Parliamo di un fungo di stagione che possono cogliere anche i poco esperti senza rischiare guai, le “Finferle”, riconoscibilissime e che non hanno corrispettivo velenoso.
Spendiamo due parole per questo fungo molto più saporito del parente (forse marito?) “finferlo” perché ne vale la pena ed è poco conosciuto.
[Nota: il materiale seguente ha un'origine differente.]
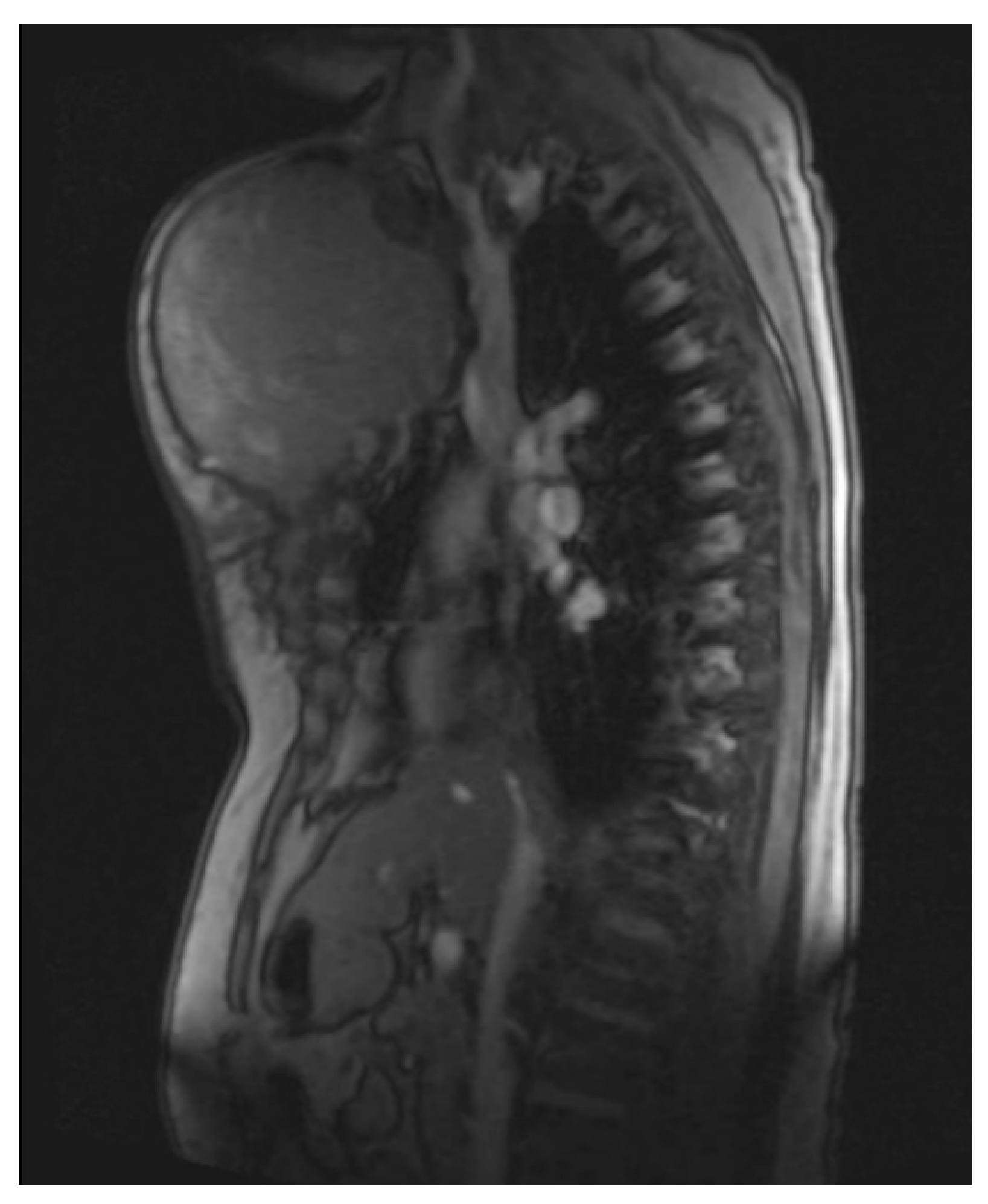 Diagnostics 13 02603 g004 Diagnostics 13 02603 g004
Il nome per i colti dell’argomento è “Cantharellus lutescens” e, contrariamente al finferlo è poco carnoso, a forma di imbuto, orlo frastagliato, col cappello comunicante con l’interno del gambo, di un bel giallo arancio (lutescens, appunto).
Il sapore è delicato, ma ha un forte profumo di bosco, molto invitante per chi ama i funghi, tant’è che in autunno, fino alle prime gelate, quando è il suo momento nei boschi di conifere, prima ancora di vederlo si sente l’odore.
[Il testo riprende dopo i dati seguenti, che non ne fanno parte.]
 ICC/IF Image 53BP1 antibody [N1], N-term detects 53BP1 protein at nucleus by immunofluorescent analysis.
È abbastanza piccolo e rende poco, quindi ne occorrono tanti (e tanta pazienza a raccoglierli) e la sua “morte” migliore è nel risotto, meglio se con una punta di cucchiaio di concentrato di pomodoro e un paio di bacche di ginepro (anche quelle si trovano nei boschi nello stesso periodo).
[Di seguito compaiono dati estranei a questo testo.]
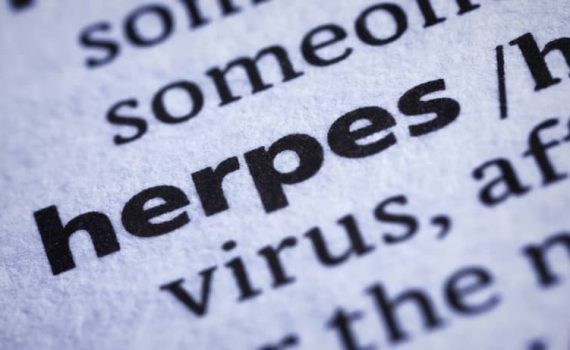 Herpes Prevention - Proven Stress Relief Methods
Quando sono molto grosse” sembrano dei gigli e allora riesce a farli fritti, in tempura.
Vale la pena di usare questa commistione nipponica non per amore esagerato dell’etnico ma perché è un metodo delicatissimo e poco invasivo di frittura, ed il sapore del prodotto viene tutelato.
Ecco una pastella semplicissima: 3 cucchiai di farina, 3 cubetti di ghiaccio e acqua minerale fredda e molto gasata q.b. a rendere la pastella della giusta fluidità. Moltissimo olio di arachide ben caldo e un tuffo rapido. Il risultato oltre che buono è anche molto coreografico. Sembrano fiori fritti.
P.s. piccolo particolare inquietante: dicono gli esperti micologi che la finferla sia “cesio captante”, quindi radioattiva. Quindi raccomandano di non esagerare.